The “Writer” continued to be dumbfounded by the implications of the comic book relic his sister had mailed him. The cover seemed to depict a vintage The “Writer” with a face that resembled old photos of his dad. Evident were the pencil thin mustache and chiseled features that reminded his father’s friends of tough guy leading man, Brian Donlevy. And with a team of “Animal Crackers” identical in every way to his own. On a document dated, June 7th, 1944. The same year that Gojira mentioned in his fabulous conception story. (see “Dog Demands Day) And also the year of The “Writer’s” birth.

It was in this state of preoccupation with the ramifications of his strange past and recently revealed Destiny that he stumbled down the stepping stones toward Ballena Azul, his trusty ’91 Previa van. Feeling the need to immerse himself in a calming routine, he was headed to Guerneville Safeway for the bi-weekly foraging he usually enjoyed. He almost ignored the graphically drab poster for The Bohemian Club Variety Show that had been tacked to the power pole next to his van. But was that a photo of Irish “Boy” Tenor, Dennis Day? And was that a rendering of an atrophied Art Linklater? What the hell? Tenor Terrorists? THX Sound? Midnight drum solo?

He could regard this as nothing more or less than a full-on, personal assault, deep into his comfort zone by that Krazy Kabal of Moloch Worshippers who seemed to dog him ever more relentlessly since he broke ranks. “So this is what happens to the rebellious superhero who refuses to honor the gods for their gifts, eh? Well I might just take an even bigger bite of the hand that feeds”, he muttered, even then formulating his counter-thrust to this flagrant act of agression disguised as a “family entertainment fundraiser”. (To more fully understand The “Writer’s ” agitation, the reader is advised to read the blog entitled “Ritualized Burning of Care and Other Bohemian Amusements.)

While driving his van to Guerneville he began to calm down but he  still had difficulty recalling the last few moments in any detail.

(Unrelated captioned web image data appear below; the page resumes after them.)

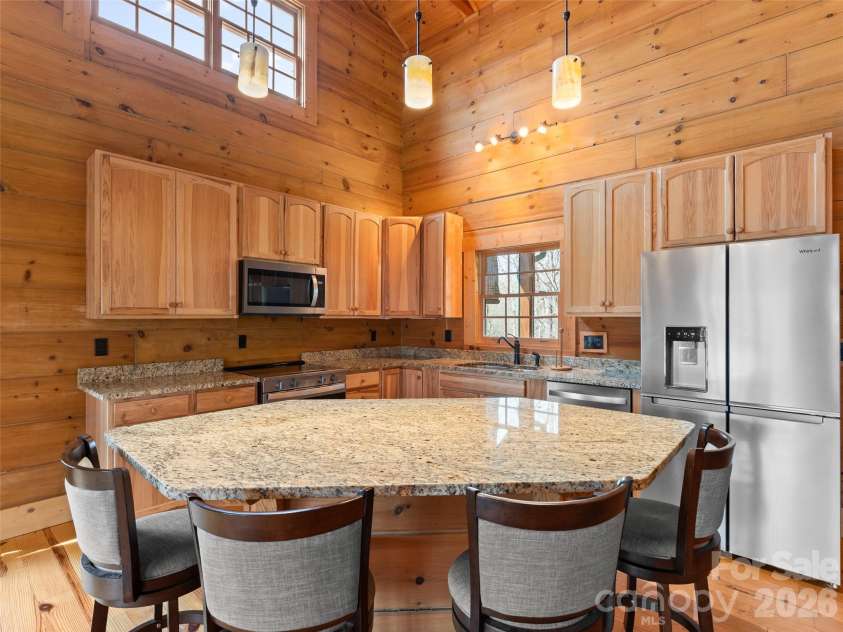 935 Big Branch Road, Brevard, NC 28712.  MLS# CAR4358269, YatesRealty ID 9691. 
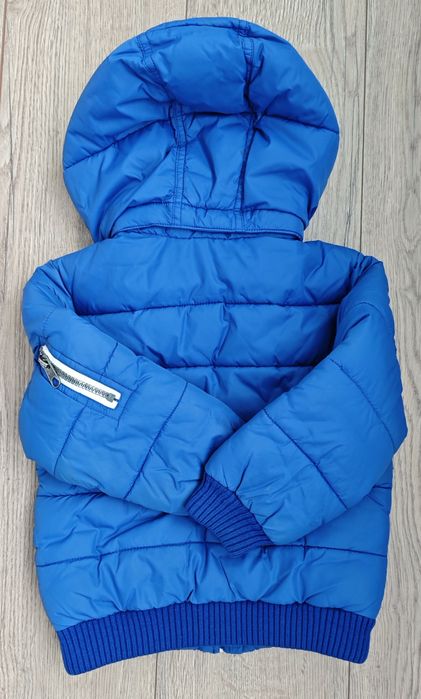 Детски зимен комплект за момче р-р 110 см. - 116 см.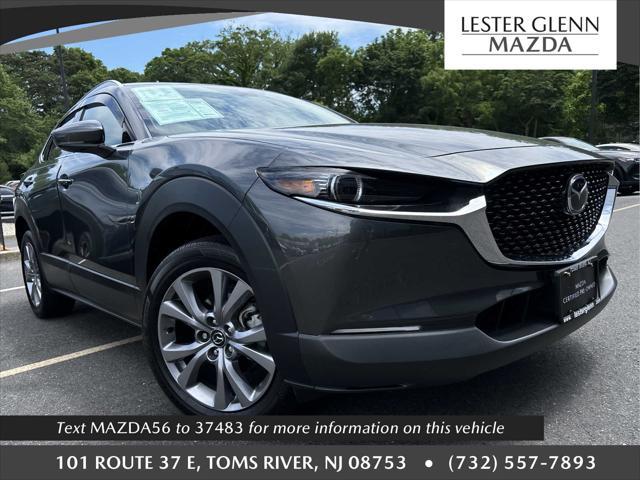 used 2023 Mazda CX-30 car, priced at $32,937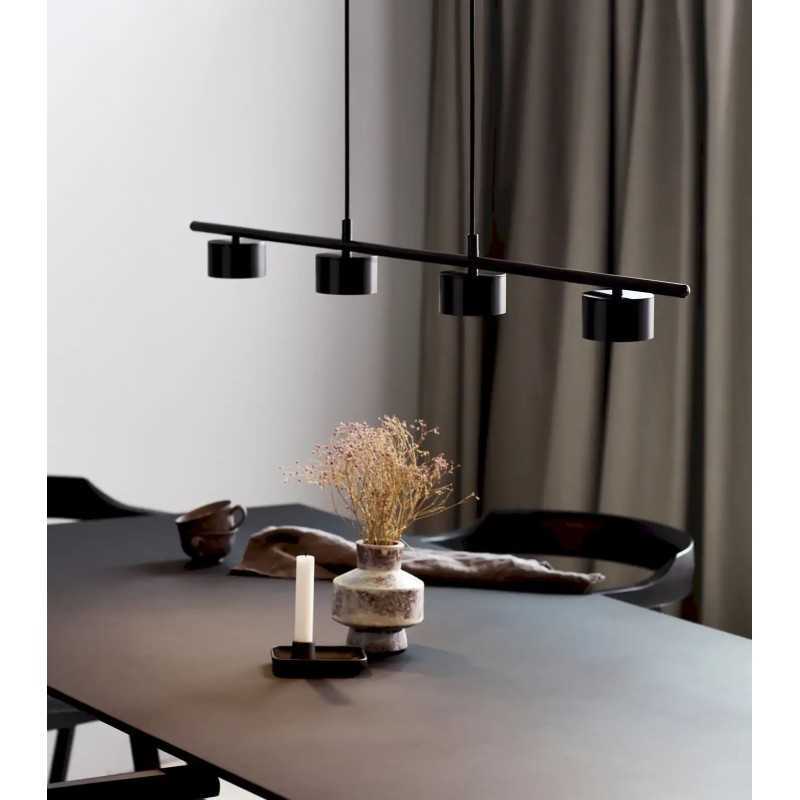 https://design-led.fr/ Clyde Spoterie Suspension Noir 16W 2700K 189,90&nbsp;€ 189,90&nbsp;€ 2010813003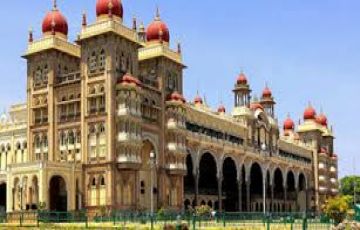 Memorable 7 Days 6 Nights Bangalore Vacation Package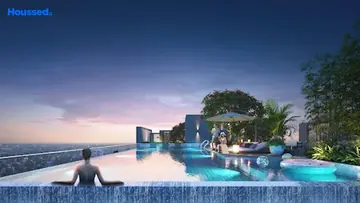 Amenities of 4 BHK Flat for Resale in Santoshpur, Kolkata - Image 90525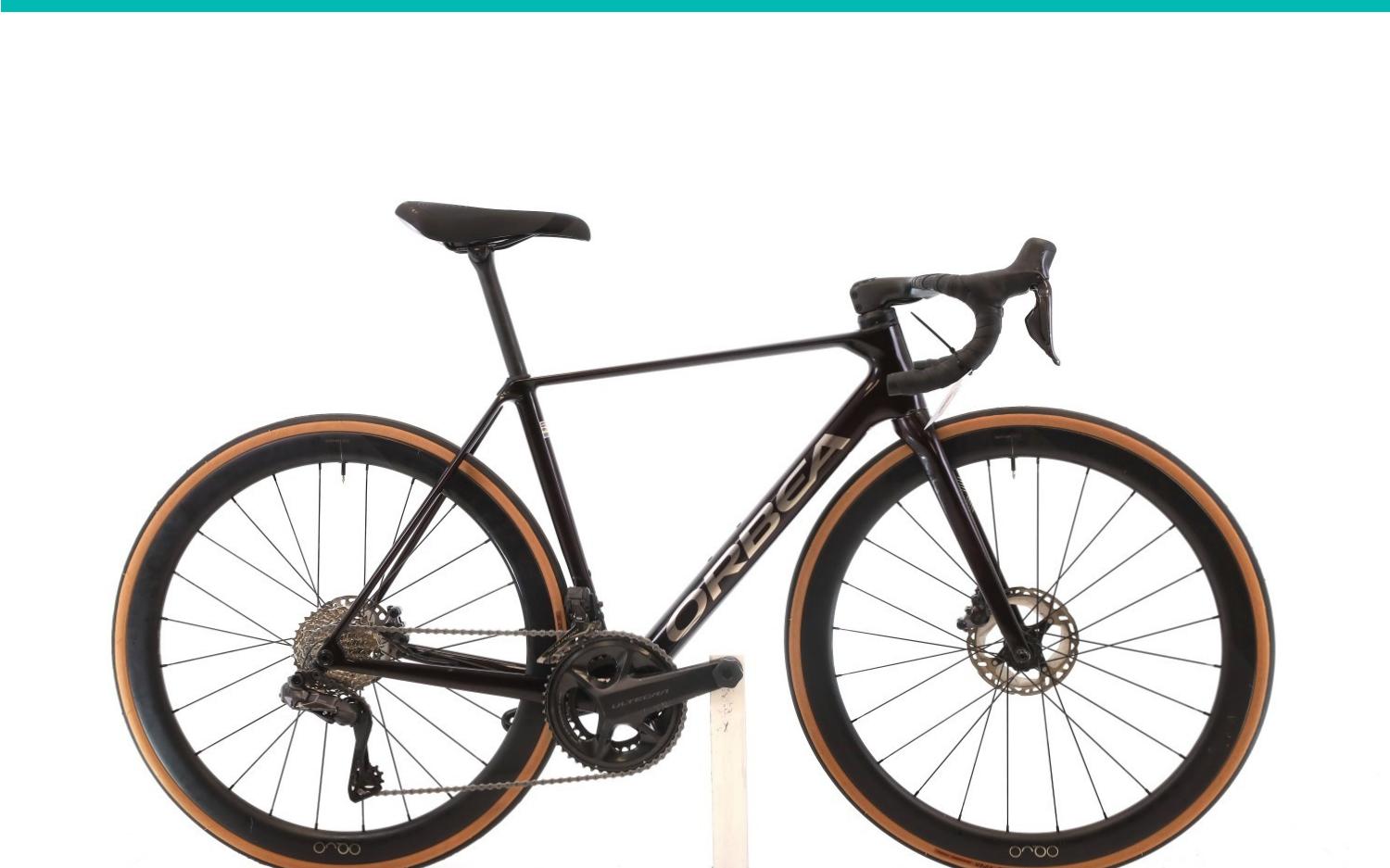  Orbea Zyclora ·  Orca M20I LTD Di2 12V, Usata, 2024, Barcelona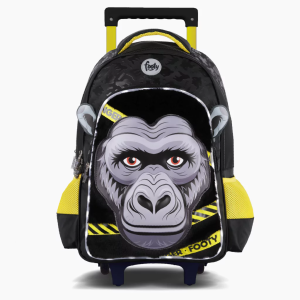 MOCHILA CON CARRO GORILLA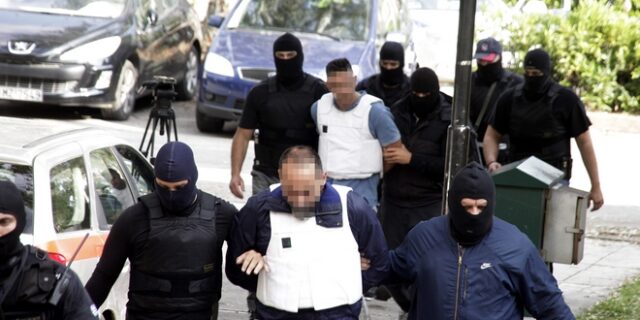Ληστές Διστόμου: Ποινική δίωξη για τους κατηγορούμενους. Αντιμέτωποι με βαρύτατα κακουργήματα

There had been a period of red rage, followed by a “flight and fight” reaction. “Flight” to remove himself from the site of that poster abomination (which clearly revealed the next move in the Illuminati offensive). The “fight” would be on as soon as he did his grocery shopping and made a little side trip to the Five and Dime for art supplies. Then it would be back to the mobile mansion to craft his version of reality. In any event, this would be a BoHo Show to remember.

Below you will find the only surviving copy of what has been called by historians “The BoHo Show Challenge”; its importance, of course, is its provocation of The “Writer’s” first use of his powers to alter a reality in which human beings were directly affected.

Neighbor, Dane Sturtevantsonshire, remembers:
“I would only see the old gent from time to time, checkin’ the mail, you know, or lookin’ up at the birds. Usually chucklin’ to himself about one thing or another; seemed like a nice enough old dude; never did anything to bother us. But this one day I heard him yellin’ even over the leaf blower I was usin’. I looked down the street and he was tearin’ down a flyer or some ad that had been tacked on to the power pole front of his house. He was wavin’ his arms and cussin’ to beat the band. Ripped that sucker off the pole, rolled it up in a ball and kicked it out into the street. Then he jumped in his van and drove off, grindin’ his gears even worse than usual. I was kinda curious about what that ad was all about, so I went down to, you know, pick up the trash. I walked back to my garage, unrumpled the paper and, for some reason, tacked it to the wall over my tool bench. Lucky for me huh?”

No other copies of this document have ever come to light. Mr. Sturtevantsonshire was recently offered $13,000,000 for the “BoHo Show Challenge” by the Emirate of Bahrain, and refused to accept. Why? Mysteries continue to surround his decision and the possible whereabouts of the missing flyers.

Plese don't sue me. It's all in fun.